Tag Archive: leadership

Pronoun Posturing (for leaders)

It’s been told to me, and I’ve said it. It’s a leadership principle that’s been touted. It’s this, we need to earn our right to lead.

We have to go out and do the hard work, the behind the scenes work, the work that involves leading a couple of people before a couple hundred people. And while there’s some truth in that, the Bible calls us to a different posture.

It’s still about working hard. But what it’s not about is “us”, “me”, or even, “we”.

2 Chronicles records Solomon’s establishment as king and the remarkable conversation where Solomon’s request to God was a request for “wisdom and knowledge.”

But recently, something else stood out to me in that exchange. It’s in the last half of verse eleven.

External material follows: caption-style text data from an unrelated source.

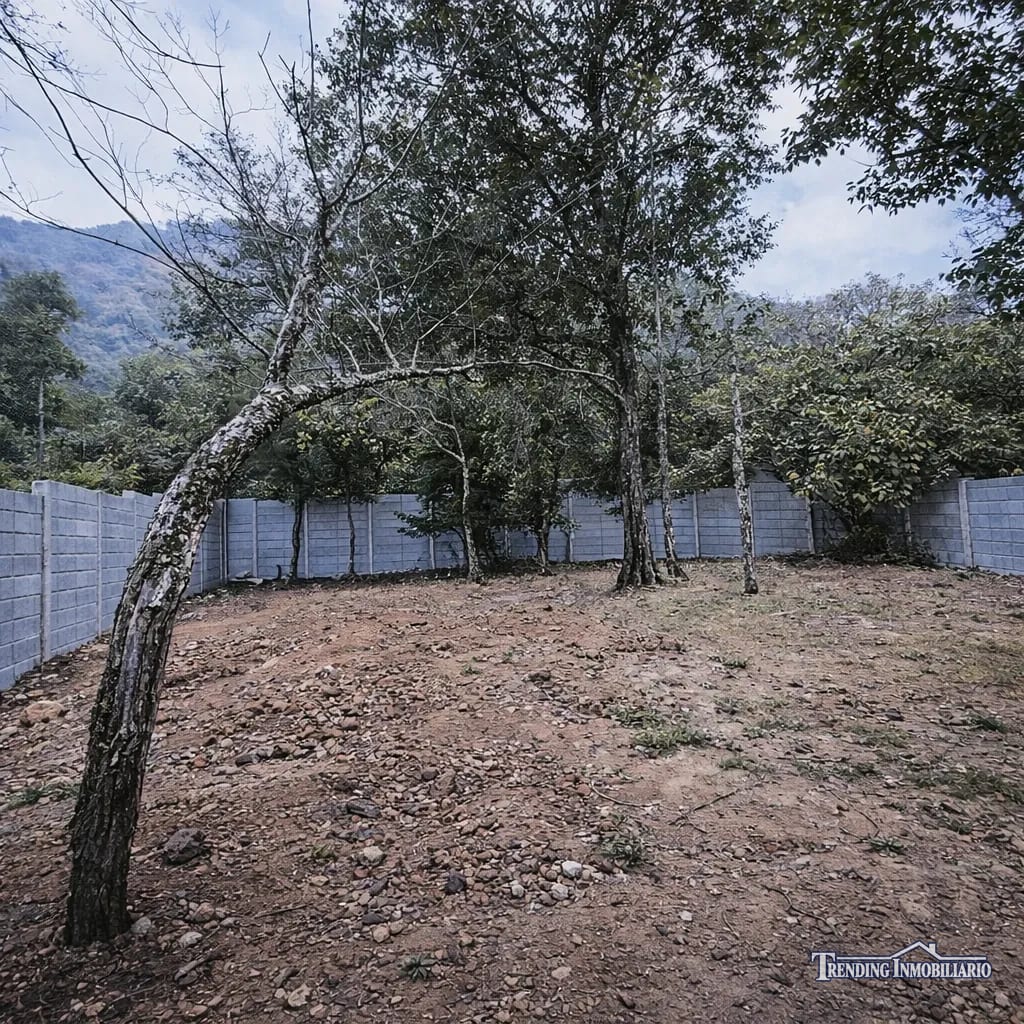 Terreno en venta Santo Domingo Xenacoj Sacatepéquez 4,181 v2 planas — Terreno en Venta en Santo Domingo Xenacoj, Sacatepéquez — foto 6 de 6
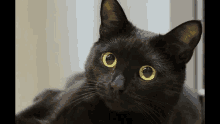 Black Cat Pepe Blackat GIF - Black Cat Pepe Blackat Pepe GIFs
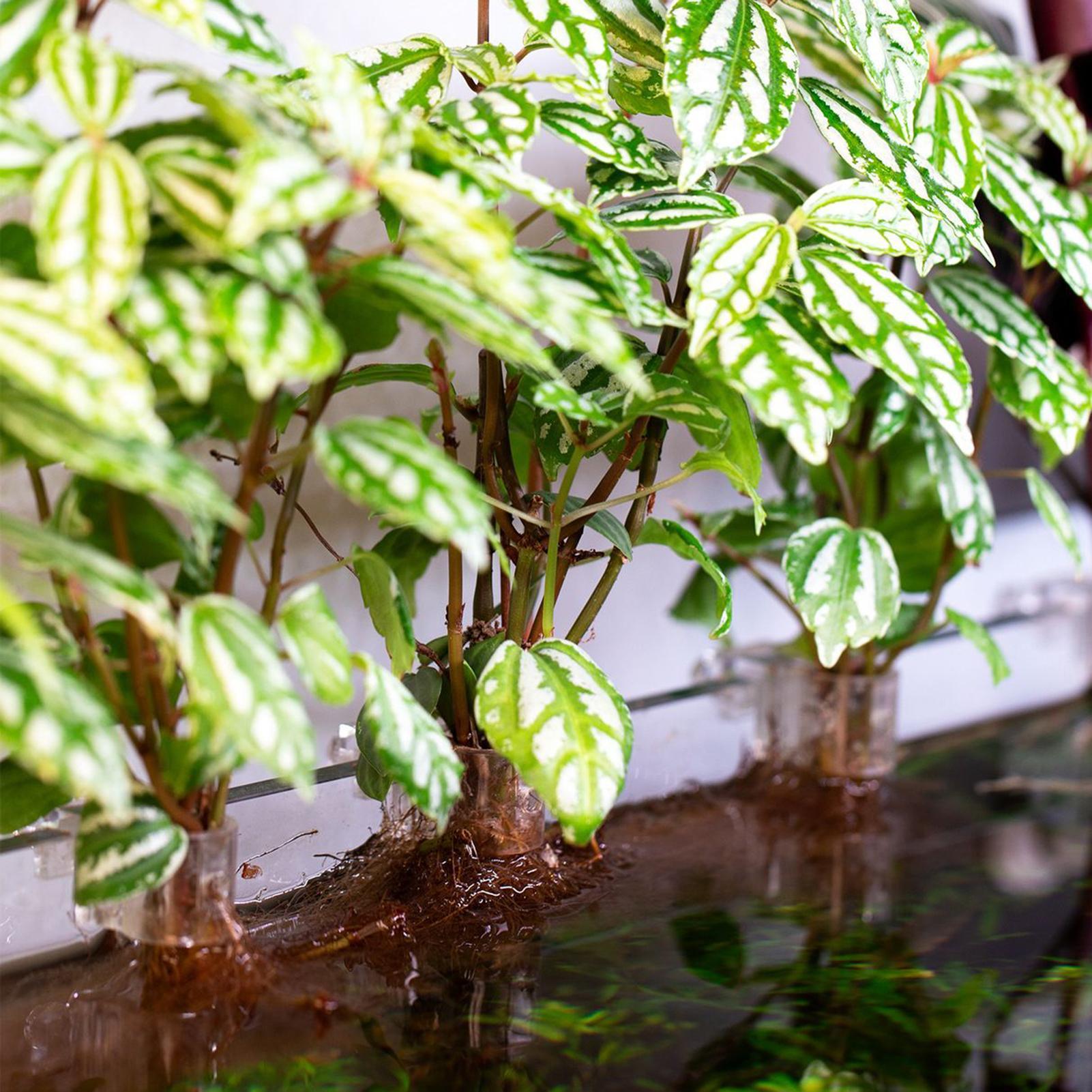 ที่แขวนต้นไม้ในตู้ปลาแบบใส 6 ช - Aquarium Plant Holder บทวิจารณ์และราคา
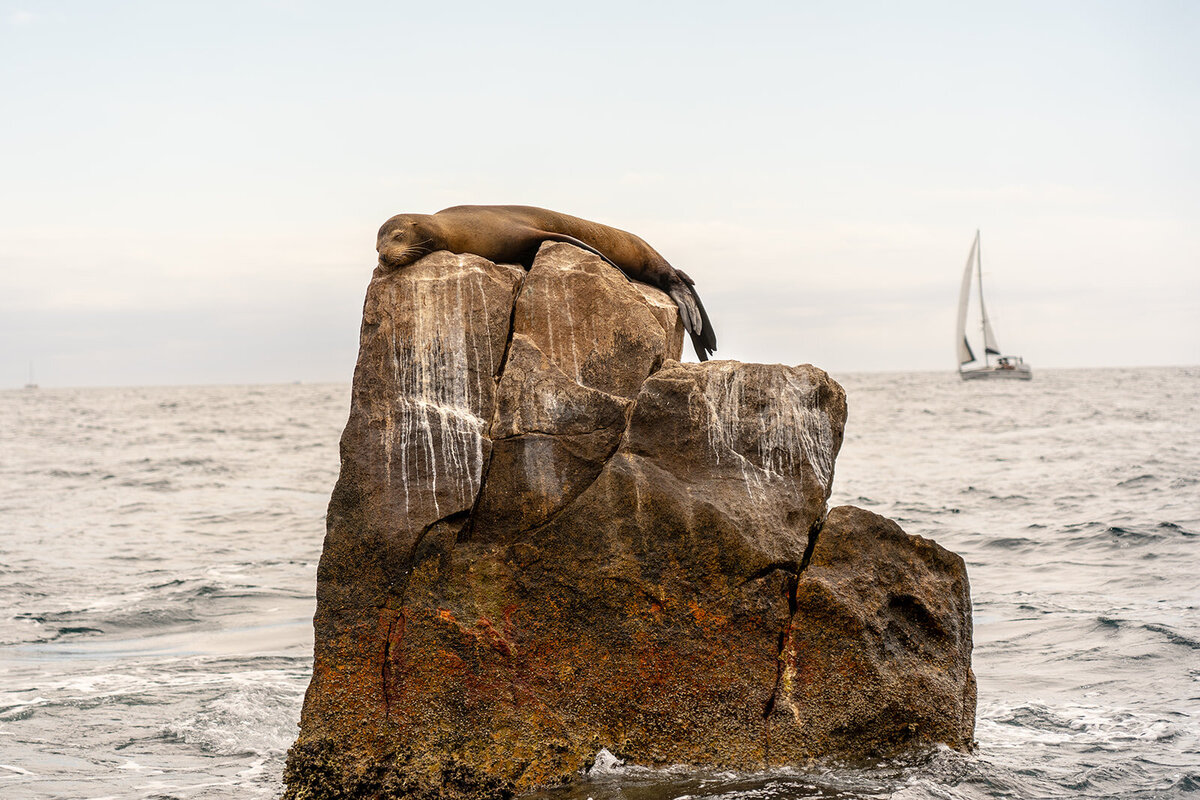 Rachael-Zimmerman-Photography-Denver-Colorado-Maui-Hawaii-LGBTQ-Adventure-Photographer-Animals-19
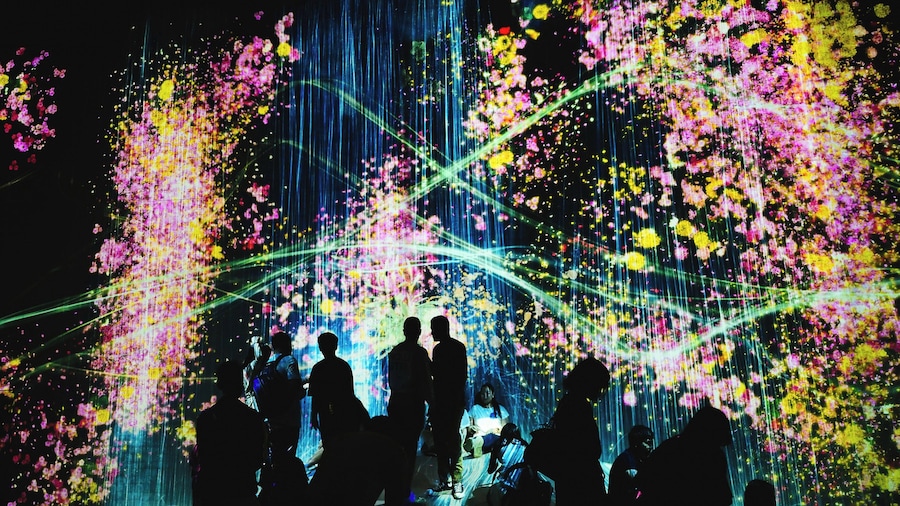 Walking Tour of Kyoto with TeamLab Admission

God is speaking and grants Solomon wisdom and knowledge, and then says, “But you have asked for wisdom and knowledge for yourself that you may govern my people over whom I have made you king.”

Notice the “my” and then “I”?

Whose people will Solomon govern? God’s people.

Who made Solomon king? God did.

It’s as if God was saying, “Look, I’m going to provide you with some exceptional gifts. But remember, I gave those gifts of wisdom and knowledge, and I’m putting you in a place of leadership. And yes, I’m allowing you to lead my people.”

Do we need this same kind of reminder that emphasizes pronouns?

You see, God knows what leader-types are like. We get the opportunity to do something for God’s kingdom and we’re honored. But then all the sudden we either forgot who put us there and/or we begin to think about our newly established leadership opportunity as our own little personal fiefdom.

The church we serve is not ours. The people are not ours. We’re a short-term steward of people and leadership opportunities.

As leaders, our choice of words when describing the who, how and why we lead is important. But even more important, is the heart behind the words. Are we really in a posture that reflects the proper (God-honoring) pronouns?

Here’s to proper pronouns.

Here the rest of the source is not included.